To a divided and disordered world, including even these factions within early Christianity, Paul addressed his great affirmation. God wanted to reverse the process and restore the original unity of creation. And this was no last-minute decision. God’s invasion of the cosmos in Jesus Christ to unify the world was being worked out long before the laying of the foundation of the world. God had long ago determined that humans would need a savior. In short, you and I and these early Asian and Greek Christians were not last-minute additions to the plan.

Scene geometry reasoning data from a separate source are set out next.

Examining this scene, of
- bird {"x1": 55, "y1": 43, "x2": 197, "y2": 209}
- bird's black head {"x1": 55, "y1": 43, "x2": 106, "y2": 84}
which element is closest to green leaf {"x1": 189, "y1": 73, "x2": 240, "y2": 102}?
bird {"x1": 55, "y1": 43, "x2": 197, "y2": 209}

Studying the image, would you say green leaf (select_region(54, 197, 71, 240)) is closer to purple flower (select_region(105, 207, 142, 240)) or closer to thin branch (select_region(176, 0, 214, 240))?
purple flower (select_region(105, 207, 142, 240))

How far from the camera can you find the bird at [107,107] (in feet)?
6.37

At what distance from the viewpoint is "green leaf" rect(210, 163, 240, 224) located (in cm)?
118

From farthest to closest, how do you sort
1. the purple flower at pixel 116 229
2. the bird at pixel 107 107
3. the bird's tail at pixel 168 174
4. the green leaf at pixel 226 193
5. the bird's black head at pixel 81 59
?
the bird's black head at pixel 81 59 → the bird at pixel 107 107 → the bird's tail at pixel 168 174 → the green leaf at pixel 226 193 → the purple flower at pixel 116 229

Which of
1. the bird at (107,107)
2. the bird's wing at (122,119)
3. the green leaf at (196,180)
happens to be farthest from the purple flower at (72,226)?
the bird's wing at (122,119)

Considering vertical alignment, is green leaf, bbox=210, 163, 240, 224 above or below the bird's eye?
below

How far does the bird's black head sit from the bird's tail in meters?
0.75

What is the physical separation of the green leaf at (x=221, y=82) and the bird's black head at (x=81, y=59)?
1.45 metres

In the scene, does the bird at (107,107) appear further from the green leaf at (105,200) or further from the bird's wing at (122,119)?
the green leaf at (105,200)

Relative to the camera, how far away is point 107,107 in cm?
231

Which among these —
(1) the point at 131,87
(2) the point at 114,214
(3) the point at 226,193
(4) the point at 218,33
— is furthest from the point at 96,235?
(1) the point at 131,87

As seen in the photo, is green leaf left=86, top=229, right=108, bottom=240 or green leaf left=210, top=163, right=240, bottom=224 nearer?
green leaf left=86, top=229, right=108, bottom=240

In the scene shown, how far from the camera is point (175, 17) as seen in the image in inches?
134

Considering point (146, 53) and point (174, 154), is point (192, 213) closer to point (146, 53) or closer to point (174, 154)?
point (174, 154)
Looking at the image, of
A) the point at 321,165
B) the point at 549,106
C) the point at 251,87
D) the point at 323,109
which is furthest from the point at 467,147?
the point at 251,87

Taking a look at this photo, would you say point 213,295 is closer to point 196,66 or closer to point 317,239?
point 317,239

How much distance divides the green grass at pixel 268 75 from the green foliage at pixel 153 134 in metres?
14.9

Our identity as adopted daughters and sons of God and our share in God’s inheritance was not a codicil added to God’s original “Jews only” testament. Jesus was a part of the plan since the beginning. And in Jesus, said Paul, we were “predestined” to be adopted as God’s daughters and sons.

Now, we hope, this sermon has been progressing nicely to this point. But there is that confusing Presbyterian word “predestined” being used. Before the foundation of the world, God destined those first-century Asians and Greeks and you and me to belong to God as adopted children. Please don’t confuse the concept with fatalism. Fred Anderson, pastor of Madison Avenue Presbyterian Church, New York, warns us that predestination does not mean that your life is pre-planned and there is nothing you can do about it. “Predestination is not about fatalism. It is about the love of God.”2 God, long before any human was born, destined us to be adopted because God is love and God has plans for us as God’s children.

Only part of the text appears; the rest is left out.